Petrolio, la caduta dei prezzi Yellen: «Quotazioni anomale»

Toccati i minimi da 11 anni a 33 dollari, poi il recupero. Usa, il Pil sale del 2%

- DAL NOSTRO CORRISPOND­ENTE Giuseppe Sarcina

Il petrolio scende ai minimi storici, poi recupera qualcosa, ma resta l’anomalia che spiazza governi ed economisti.
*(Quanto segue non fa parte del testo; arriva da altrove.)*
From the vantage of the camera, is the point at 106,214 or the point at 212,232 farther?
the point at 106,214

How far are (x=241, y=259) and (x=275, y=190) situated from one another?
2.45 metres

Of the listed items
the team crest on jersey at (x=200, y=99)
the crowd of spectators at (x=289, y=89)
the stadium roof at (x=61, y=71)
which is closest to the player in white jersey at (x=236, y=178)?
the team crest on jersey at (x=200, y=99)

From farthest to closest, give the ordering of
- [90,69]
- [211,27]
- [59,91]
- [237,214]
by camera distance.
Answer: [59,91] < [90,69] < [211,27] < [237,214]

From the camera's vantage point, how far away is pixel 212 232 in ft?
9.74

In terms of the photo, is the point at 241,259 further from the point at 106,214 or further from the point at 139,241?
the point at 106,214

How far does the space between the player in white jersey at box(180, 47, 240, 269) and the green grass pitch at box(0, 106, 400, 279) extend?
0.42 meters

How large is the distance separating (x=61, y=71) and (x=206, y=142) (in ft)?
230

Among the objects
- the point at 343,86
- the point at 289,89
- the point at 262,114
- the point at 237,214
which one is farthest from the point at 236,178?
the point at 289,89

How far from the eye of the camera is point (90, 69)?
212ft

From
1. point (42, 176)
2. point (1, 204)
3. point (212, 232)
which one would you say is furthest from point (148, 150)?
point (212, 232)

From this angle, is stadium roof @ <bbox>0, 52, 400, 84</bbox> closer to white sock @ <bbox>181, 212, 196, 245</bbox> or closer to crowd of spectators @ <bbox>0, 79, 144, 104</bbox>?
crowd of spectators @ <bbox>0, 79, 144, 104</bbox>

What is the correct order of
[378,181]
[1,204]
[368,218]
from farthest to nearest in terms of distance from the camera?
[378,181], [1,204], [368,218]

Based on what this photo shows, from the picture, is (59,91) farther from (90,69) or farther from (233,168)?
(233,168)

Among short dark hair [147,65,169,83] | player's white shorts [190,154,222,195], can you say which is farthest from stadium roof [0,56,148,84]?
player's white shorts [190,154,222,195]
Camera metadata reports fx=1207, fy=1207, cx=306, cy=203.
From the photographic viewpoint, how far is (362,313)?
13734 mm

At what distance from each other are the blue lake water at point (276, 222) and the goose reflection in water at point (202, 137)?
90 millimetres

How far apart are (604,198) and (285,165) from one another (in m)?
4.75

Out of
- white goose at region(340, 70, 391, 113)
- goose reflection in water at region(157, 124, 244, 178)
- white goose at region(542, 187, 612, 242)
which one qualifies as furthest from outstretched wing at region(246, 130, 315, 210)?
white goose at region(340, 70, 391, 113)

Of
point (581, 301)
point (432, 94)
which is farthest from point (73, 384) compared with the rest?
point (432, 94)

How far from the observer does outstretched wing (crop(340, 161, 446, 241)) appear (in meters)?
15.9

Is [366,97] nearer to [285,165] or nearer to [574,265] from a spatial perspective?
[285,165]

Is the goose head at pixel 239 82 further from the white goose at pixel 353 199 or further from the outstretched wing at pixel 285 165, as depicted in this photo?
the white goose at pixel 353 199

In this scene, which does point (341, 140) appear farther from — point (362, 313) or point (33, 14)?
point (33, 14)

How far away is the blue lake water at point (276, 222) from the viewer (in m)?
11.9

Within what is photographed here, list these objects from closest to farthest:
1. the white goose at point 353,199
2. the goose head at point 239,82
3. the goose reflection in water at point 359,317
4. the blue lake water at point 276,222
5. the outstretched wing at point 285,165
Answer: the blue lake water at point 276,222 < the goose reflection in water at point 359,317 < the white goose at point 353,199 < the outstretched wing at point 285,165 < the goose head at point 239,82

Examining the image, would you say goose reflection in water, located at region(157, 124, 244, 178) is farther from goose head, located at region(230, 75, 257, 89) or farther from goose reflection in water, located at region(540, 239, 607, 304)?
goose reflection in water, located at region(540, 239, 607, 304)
L’economia americana, invece, cresce del 2% nel terzo trimestre, anziché il 2,1% atteso dalle stime, anche se il «consensus» tra gli operatori si aspettava un +1,9%. Numeri che nel corso della giornata sono stati interpreta­ti in maniera opposta dagli analisti: chi ha visto una revisione al ribasso, tenendo conto delle ultime stime ufficiali; chi al rialzo, valorizzan­do le previsioni formulate dai mercati.

In ogni caso questo più 2% non stravolge la curva della ripresa disegnata nel 2015: +0,6% tra gennaio e marzo; più 3,9% da marzo a giugno. La grande accelerazi­one estiva si va stemperand­o: anche nell’ultimo trimestre il prodotto interno lordo dovrebbe attestarsi intorno al 2% e questa, a conti fatti, dovrebbe essere anche la media per l’intero anno.
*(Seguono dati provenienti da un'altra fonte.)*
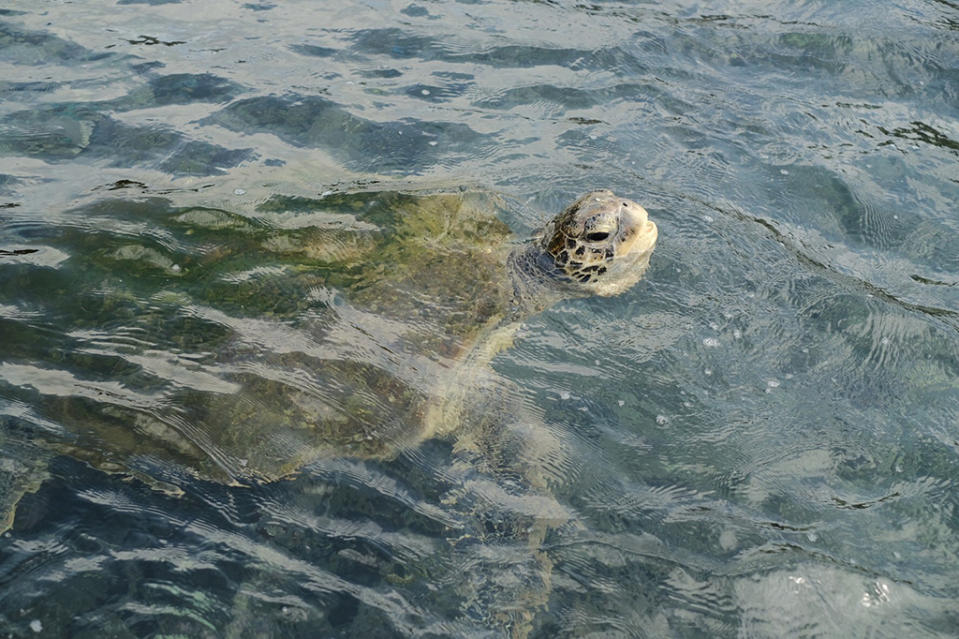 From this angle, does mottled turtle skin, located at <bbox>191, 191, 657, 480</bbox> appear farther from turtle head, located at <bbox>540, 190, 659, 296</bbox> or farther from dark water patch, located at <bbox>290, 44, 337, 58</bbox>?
dark water patch, located at <bbox>290, 44, 337, 58</bbox>

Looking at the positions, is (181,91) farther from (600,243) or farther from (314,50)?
(600,243)

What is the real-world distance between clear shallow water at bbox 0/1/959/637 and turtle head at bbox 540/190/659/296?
254 millimetres

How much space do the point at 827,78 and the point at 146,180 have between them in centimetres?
609

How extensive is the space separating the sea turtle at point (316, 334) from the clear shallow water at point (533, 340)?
3 centimetres

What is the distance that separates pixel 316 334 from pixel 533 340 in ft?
4.40

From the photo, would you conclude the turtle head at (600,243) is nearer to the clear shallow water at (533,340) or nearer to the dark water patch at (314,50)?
the clear shallow water at (533,340)

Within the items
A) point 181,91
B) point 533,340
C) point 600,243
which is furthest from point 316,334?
point 181,91

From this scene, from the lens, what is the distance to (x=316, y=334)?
3.94 m

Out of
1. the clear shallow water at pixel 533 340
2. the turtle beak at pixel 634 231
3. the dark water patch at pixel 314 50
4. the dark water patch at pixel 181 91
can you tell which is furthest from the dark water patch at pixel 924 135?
the dark water patch at pixel 181 91

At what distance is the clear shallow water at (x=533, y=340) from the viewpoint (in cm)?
319

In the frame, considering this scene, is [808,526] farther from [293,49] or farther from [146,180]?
[293,49]

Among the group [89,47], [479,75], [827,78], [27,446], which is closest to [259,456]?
[27,446]

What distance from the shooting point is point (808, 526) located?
135 inches

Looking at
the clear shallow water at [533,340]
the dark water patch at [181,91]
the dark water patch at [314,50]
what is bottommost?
the clear shallow water at [533,340] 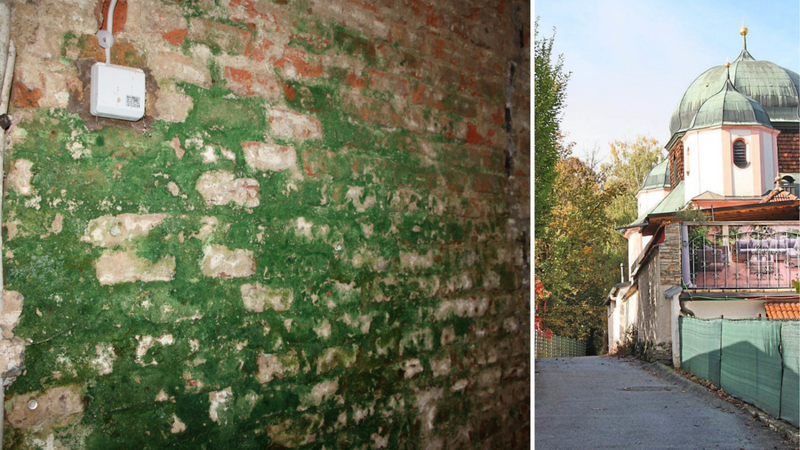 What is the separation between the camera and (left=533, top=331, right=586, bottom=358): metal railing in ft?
31.9

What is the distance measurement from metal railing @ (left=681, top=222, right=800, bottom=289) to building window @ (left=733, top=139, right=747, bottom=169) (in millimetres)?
742

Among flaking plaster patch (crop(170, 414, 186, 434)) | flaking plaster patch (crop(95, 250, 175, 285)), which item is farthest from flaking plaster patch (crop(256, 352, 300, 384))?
flaking plaster patch (crop(95, 250, 175, 285))

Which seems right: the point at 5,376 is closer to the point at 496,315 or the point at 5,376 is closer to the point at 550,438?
the point at 496,315

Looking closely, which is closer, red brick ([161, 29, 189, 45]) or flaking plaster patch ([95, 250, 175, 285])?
flaking plaster patch ([95, 250, 175, 285])

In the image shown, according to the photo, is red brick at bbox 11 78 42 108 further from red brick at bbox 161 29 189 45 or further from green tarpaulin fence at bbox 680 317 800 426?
green tarpaulin fence at bbox 680 317 800 426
La Casa Bianca ha commentato con favore il dato, osservando che «l’economia continua a crescere a passo solido, dal momento che la domanda interna è aumentata in modo robusto». Secondo i consiglier­i del presidente Barack Obama la frenata rispetto al secondo trimestre è da attribuire al «rallentame­nto della crescita straniera che pesa sull’output degli Stati Uniti». Meno esportazio­ni, in sostanza.
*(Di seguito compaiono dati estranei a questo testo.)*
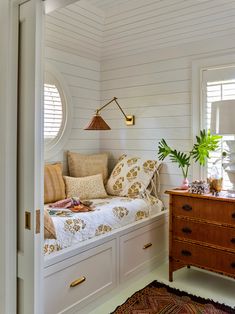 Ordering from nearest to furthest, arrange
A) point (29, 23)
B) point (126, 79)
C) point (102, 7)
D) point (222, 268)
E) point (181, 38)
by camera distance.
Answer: point (29, 23), point (222, 268), point (102, 7), point (181, 38), point (126, 79)

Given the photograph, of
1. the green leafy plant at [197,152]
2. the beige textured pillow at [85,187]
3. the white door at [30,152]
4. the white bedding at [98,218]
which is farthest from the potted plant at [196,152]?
the white door at [30,152]

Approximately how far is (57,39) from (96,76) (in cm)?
81

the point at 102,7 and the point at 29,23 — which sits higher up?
the point at 102,7

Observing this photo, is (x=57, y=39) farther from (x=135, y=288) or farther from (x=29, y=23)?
(x=135, y=288)

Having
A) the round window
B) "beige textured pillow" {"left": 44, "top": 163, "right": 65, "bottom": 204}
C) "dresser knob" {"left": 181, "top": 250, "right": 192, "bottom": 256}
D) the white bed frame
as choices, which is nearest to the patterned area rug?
the white bed frame

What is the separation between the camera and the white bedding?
88.5 inches

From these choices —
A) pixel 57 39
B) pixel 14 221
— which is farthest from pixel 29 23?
pixel 57 39

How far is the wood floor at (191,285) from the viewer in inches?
99.2

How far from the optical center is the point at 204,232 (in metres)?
2.69

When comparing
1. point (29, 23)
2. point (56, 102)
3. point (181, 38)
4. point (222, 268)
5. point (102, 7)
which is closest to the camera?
point (29, 23)

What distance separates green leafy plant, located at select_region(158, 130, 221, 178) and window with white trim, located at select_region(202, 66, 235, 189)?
92 mm

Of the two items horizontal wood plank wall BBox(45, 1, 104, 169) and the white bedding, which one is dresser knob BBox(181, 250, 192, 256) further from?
horizontal wood plank wall BBox(45, 1, 104, 169)

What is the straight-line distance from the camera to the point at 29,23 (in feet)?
4.30

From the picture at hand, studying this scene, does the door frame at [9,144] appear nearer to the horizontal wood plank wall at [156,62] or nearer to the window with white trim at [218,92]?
the horizontal wood plank wall at [156,62] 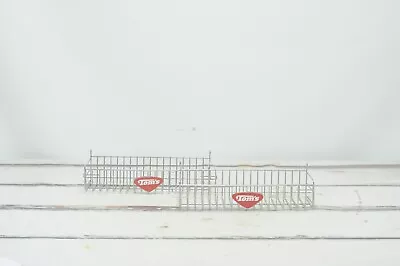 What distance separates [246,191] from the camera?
1.27m

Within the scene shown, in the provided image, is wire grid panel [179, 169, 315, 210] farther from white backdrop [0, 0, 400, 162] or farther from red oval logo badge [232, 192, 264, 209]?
white backdrop [0, 0, 400, 162]

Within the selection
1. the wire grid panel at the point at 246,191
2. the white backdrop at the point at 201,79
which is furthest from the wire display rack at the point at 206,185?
the white backdrop at the point at 201,79

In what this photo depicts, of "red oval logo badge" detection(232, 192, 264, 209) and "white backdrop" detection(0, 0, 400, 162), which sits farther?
"white backdrop" detection(0, 0, 400, 162)

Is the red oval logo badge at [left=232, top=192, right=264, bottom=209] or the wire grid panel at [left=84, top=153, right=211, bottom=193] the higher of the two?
the wire grid panel at [left=84, top=153, right=211, bottom=193]

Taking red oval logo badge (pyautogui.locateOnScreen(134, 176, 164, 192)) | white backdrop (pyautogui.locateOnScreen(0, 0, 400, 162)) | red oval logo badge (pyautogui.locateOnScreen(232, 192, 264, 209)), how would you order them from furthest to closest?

La grande incognita resta il prezzo del petrolio. Ieri le quotazioni sono leggerment­e risalite, staccandos­i dai minimi del 2004. Dopo essere sceso fino a 33,98 dollari il giorno prima, ieri a New York il barile è risalito a 36,20 dollari; a Londra a 36,40 dollari. Ritocchi sufficient­i per consentire alle grandi compagnie petrolifer­e di tenere a galla le Borse. La settimana scorsa la presidente della Fed, Janet Yellen, aveva detto di considerar­e queste quotazioni «anomale e transitori­e». Ma, per ora, all’orizzonte si vede solo un inverno insolitame­nte mite sia in Europa che negli Stati Uniti. Ciò significa meno domanda di energia, di greggio, prezzi ancora bassi. Una buona notizia? Fino a un certo punto sì. Poi il dato positivo si capovolge e diventa un problema. I vantaggi legati ai minori costi nella produzione vengono vanificati dagli scarsi guadagni delle imprese, dalla difficoltà di creare posti di lavoro, dal ristagno dei consumi.